Just shaved my legs with toilet water in a walgreens bathroom. I am so classy.
Ha Ha the cop that just pulled me over would like me to tell you hi!
My sister got her picture in the pub crawl section of the paper today and my dad said to me "why can't you be more like her?"
He ran into the room yelling "attack! Attack!", jumped on top of me on the air mattress, popped the air mattress, and then we had victory sex, because he was proud of popping it.
I texted him that I wanted to be more than fuck buddies so when I came over he gave me a punch card. He takes me I dinner every 10 fucks.

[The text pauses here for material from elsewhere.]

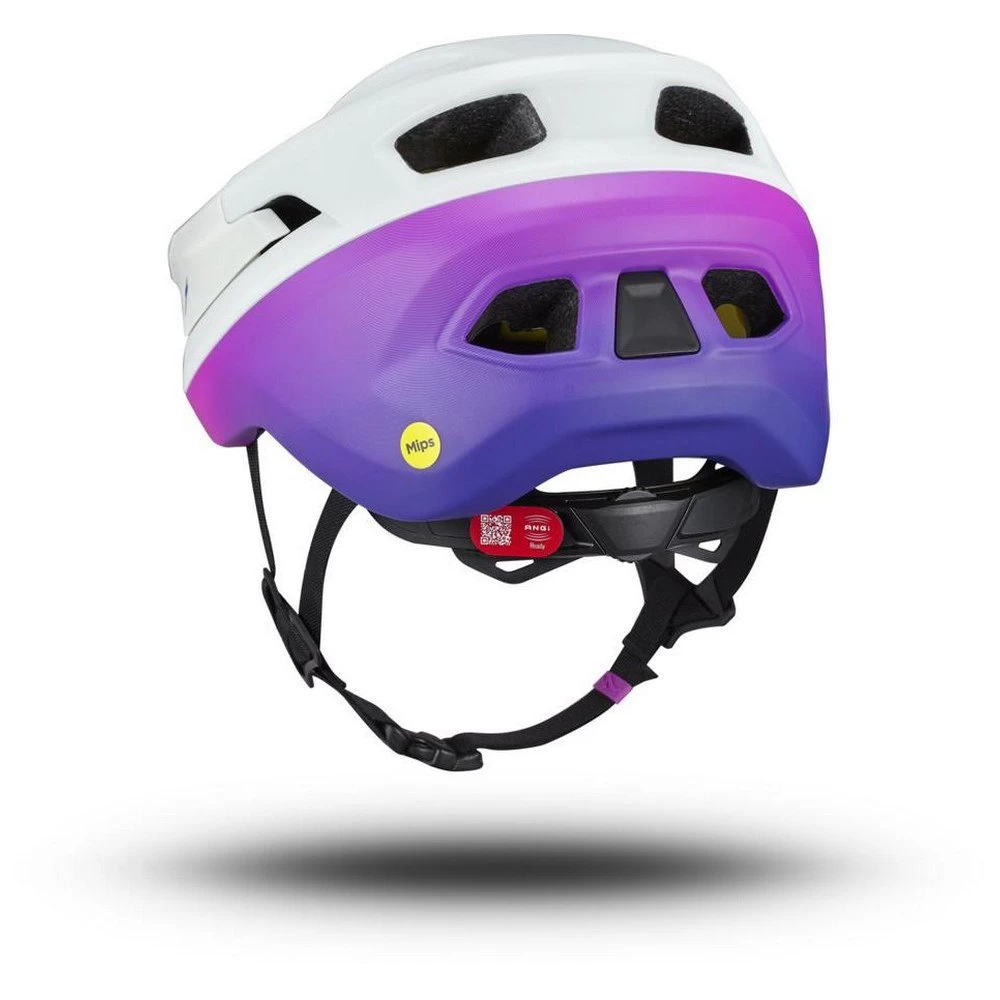 Specialized Camber Helmet 4 Specialized Camber Helmet - Image 2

I was grinding on people that were grinding. Nonconsensual.
I feel like everyone in class can tell we had a threesome last weekend.
You were so drunk last night you left the bar to go buy a razor so you could go home with him
well, at the moment I'm sleeping in someone's closet in a buzzlightyear snuggie, so I can't judge,
You had a hat of bras. Probably a good dozen, which is totally impressive for a Thirsty Thursday
Yep if he's taking selfies he's probably on drugs again.

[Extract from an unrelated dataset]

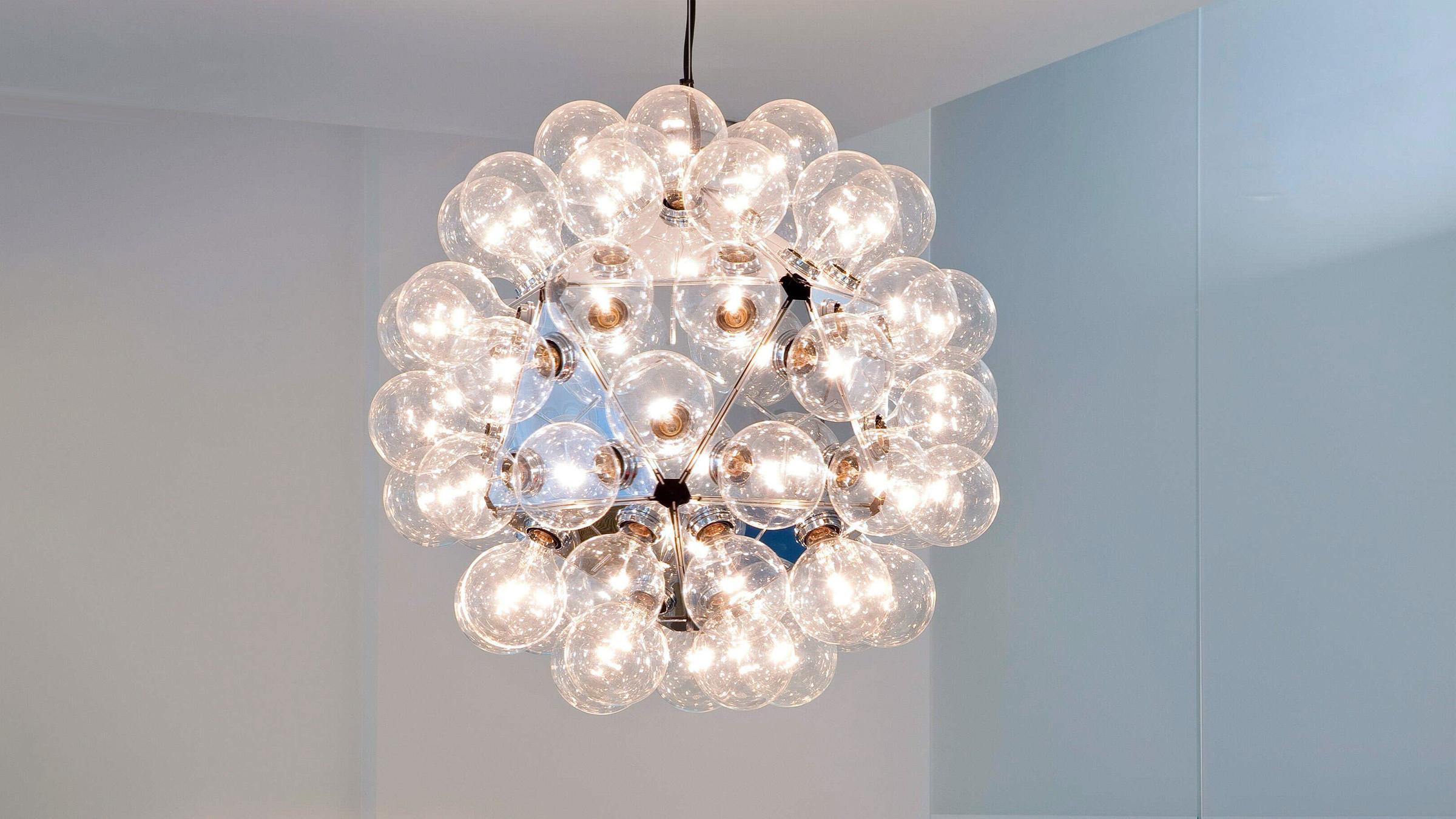 Flos Pendant Lamp Taraxacum 88 Suspension 1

He called me twice and texted me at 3am. Guess absence makes the dick grow harder.
I climbed through his window to find him already with another booty call. This wouldn't have happened if I could upgrade from my 7th grade scooter to a real car.

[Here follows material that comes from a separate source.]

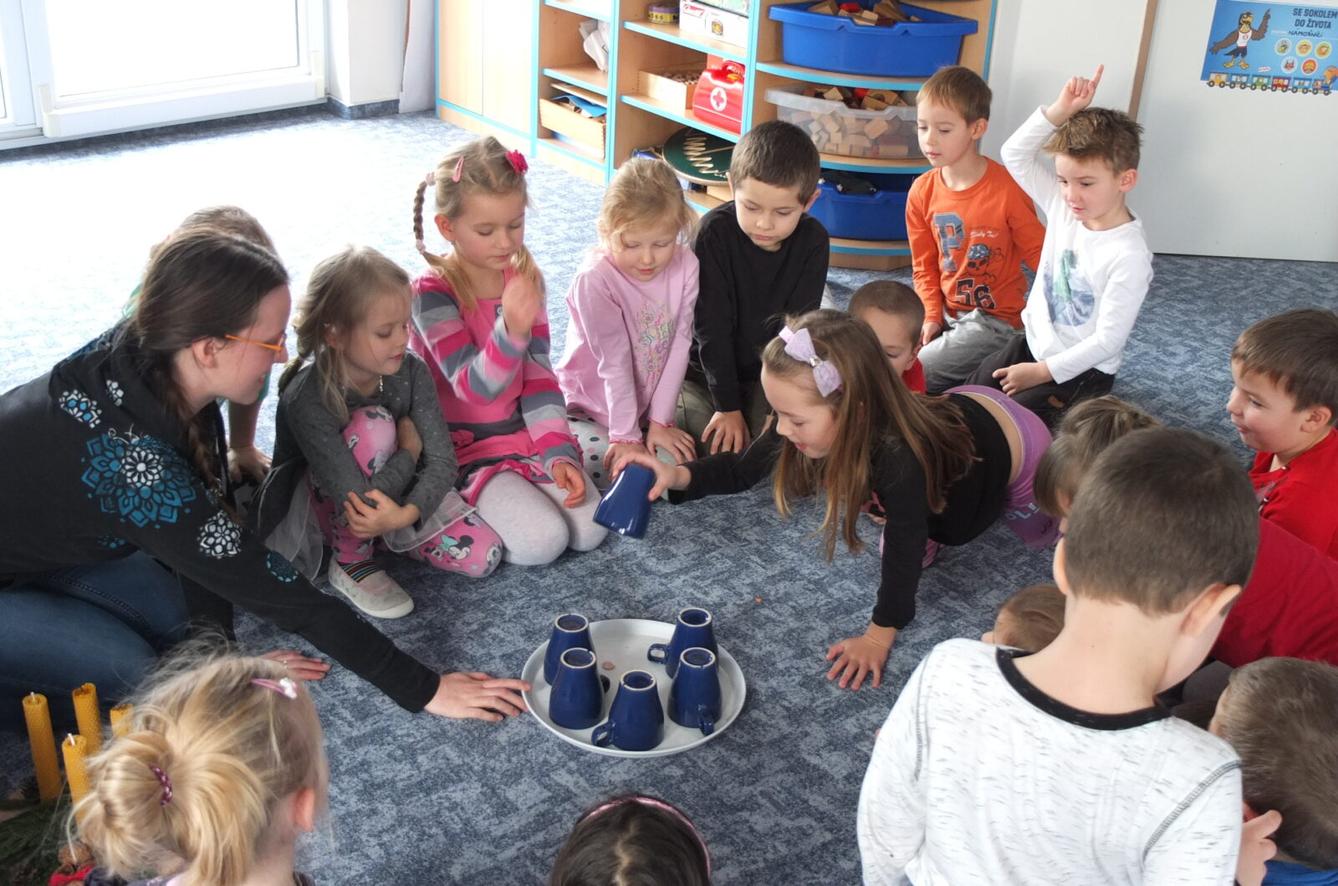 Program "VÁNOCE" z Oucmanic - 83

…If I were you I wouldn't use that as part of your argument to your dad for a car
Sorry I didn't call this morning. Ended up with a decorated war veteran last night who besides finding the enemy, KNEW where the fuck my G spot was. He gets a medal in my book!
I'm assuming you were here at some stage because I woke up alone, clean and in a towel with mum asking my why my shoes, dress and jewellery were in the bottom of the shower.